The man walked to a small part of the canyon away from the fire. Closing his eyes, he conjured up clear, star-filled skies above sharp canyon walls, pushing up toward an enlarged moon set ablaze, reflecting sunlight and time toward the Earth and elsewhere.

In his hand he carried the ash-filled Zip-lock bag. He’d used the bag from the first-aid kit where it once held bandages, at his distant home — the home of his past.

While there, the man walked around the foundation that remained. Standing roughly where his bedroom had once existed, the man kneeled down and dug his palm into the ash, dust, and remains on the ground. Producing the Zip-lock bag, he then poured the remains inside. Again, he did the same, roughly, where the bedroom of the little girl had existed. They would have been asleep the night of the Great Mistake.

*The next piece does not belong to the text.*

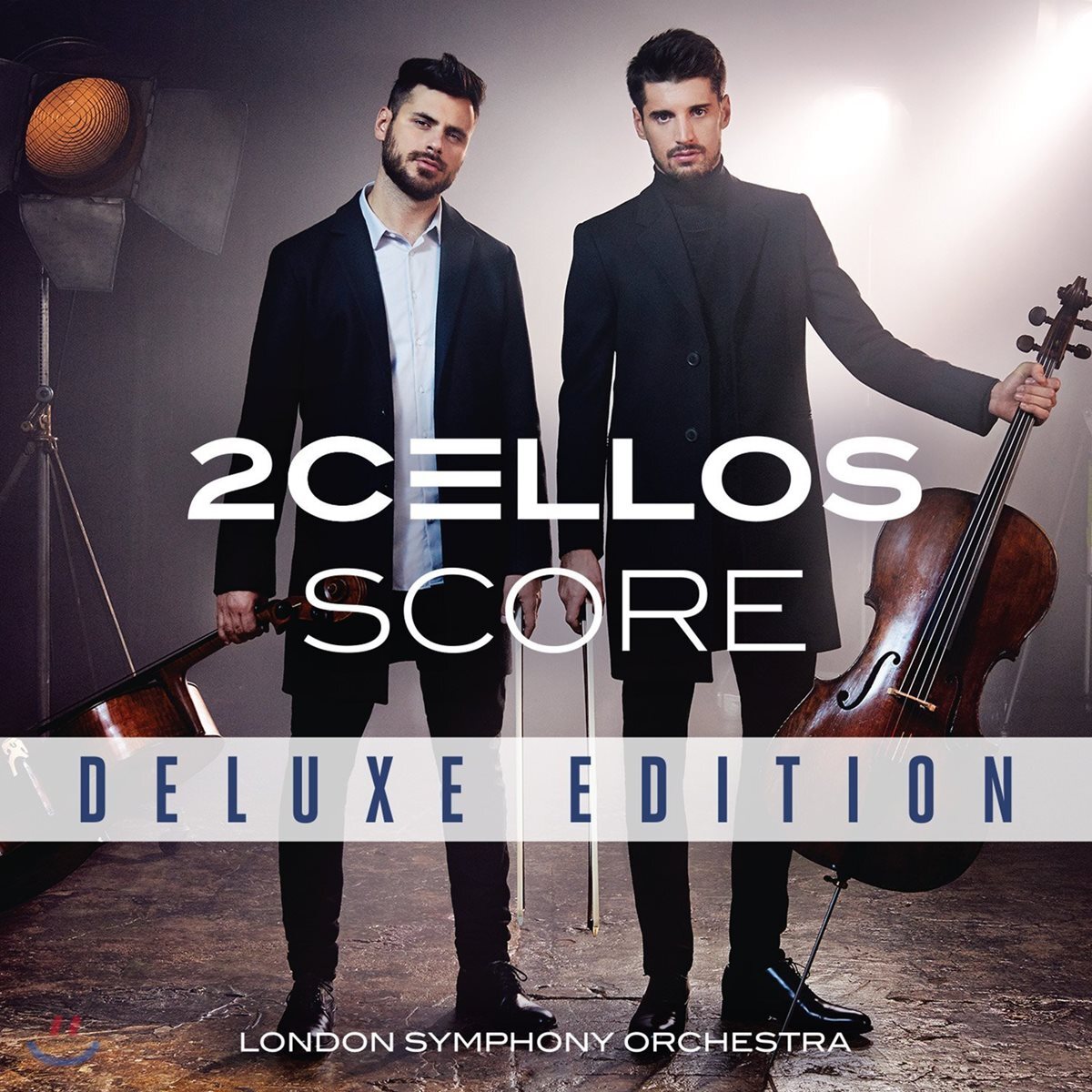 2Cellos (투첼로스) - Score (스코어: 영화음악 연주집) [CD+DVD Deluxe Edition]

Now, there in the Mojave, the man opened the plastic bag. He felt a soft breeze rise up from within the canyon and heard what he thought was the little girl’s laughter riding freely upon the wind. He slowly rolled his wrist over letting the ashes tumble free of their containment and watched as they caught the breeze. In his mind he watched the ash glisten in the moonlight, etching itself into the fabric of time. They were home now, the woman and the little girl.

Laying next to the fire, wrapped tightly in the woolen blanket he had once given to his daughter, the man found himself gazing upward to the heavens. Again, he closed his eyes. He could feel the woman and the little girl, one on each side of him, laying their heads to rest upon his chest. And although the sun’s light wouldn’t penetrate the atmosphere, he could feel its rays illuminating. Inside, he knew that even though the moment could not be embedded in a beam of light, traveling forever across the universe, this moment could never be erased by time. He was finally home. Their old life would be forever; this new life was finding a way to say farewell.

With his eyes closed, the man held tight the knife as he rested by the dying firelight. Having exhausted his supplies, he would go no further. Having exhausted his heart, he held tight in his arms those specters of his loves. The dawn would awake alone.